In 1998, Satcher had her first radio hit with Pam Tillis’ recording of her song “I Said a Prayer.” The song rose to No. 2 on the Billboard country charts. Satcher says she’ll never forget the first time she heard her song on the radio.
“We were in the car. That’s where most songwriters hear their songs for the first time–on the car radio. And you have to pull over and cry. Everybody does it. You’re just so overwhelmed over the journey that a song can take,” Satcher says. “It happens to every songwriter – grown men, everybody.”
A few years later, Satcher scored a Top 10 hit with Martina McBride’s “When God-Fearin’ Women Get the Blues,” a rowdy ode to housewives gone wild.
Amid writing Billboard hits, Satcher recorded her debut album 1999’s Love Letters.
The Life of a Song
In the world of music publishing, a song may take one week or one decade to make it to an artist who wants to cut it.
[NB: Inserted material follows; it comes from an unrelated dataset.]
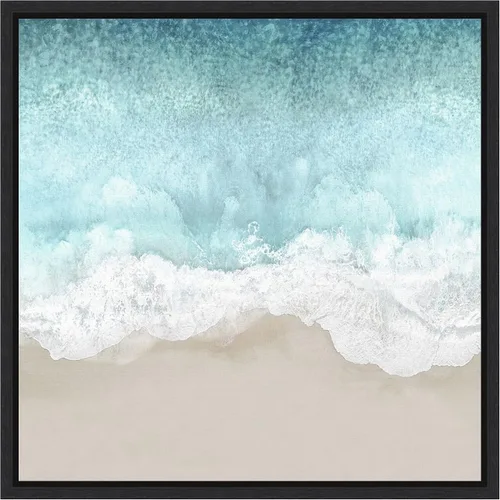 Miniatura 7 de Amanti Art Lienzo enmarcado para pared, 16 x 16 pulgadas, olas del océano II, por Maggie Olsen, lienzo enmarcado para pared, obras de arte de playa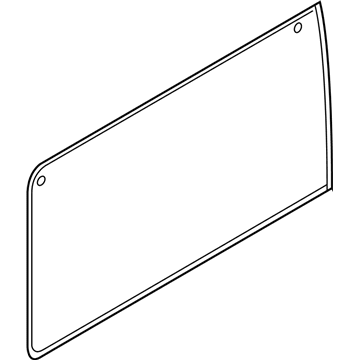 Ford BK3Z-6129711-AH Glass - Quarter Window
“When I had ‘God Fearing Women’ recorded by Martina McBride, I wrote that song on a Thursday night, I demoed it on Friday morning in the studio and on Tuesday she cut it. It was very fast,” Satcher says.
And sometimes songwriters are tasked with writing for a specific artist. In Satcher’s case, the artist was one of the biggest and most beloved in country music history. Nashville producer Tony Brown approached Satcher about writing a song for George Strait that would sum up his career on the cusp of his retirement. Satcher and co-writer Monty Homes wrote the song in 40 minutes.
“The record label had it but we weren’t sure it had actually gotten to George. A friend of mine with another company who was just a fan of songs, she was out with George on his boat. She asked him ‘Have you heard this song?’ She played it for him and that’s when we knew for sure he’d heard it. He said ‘That’s my song.'”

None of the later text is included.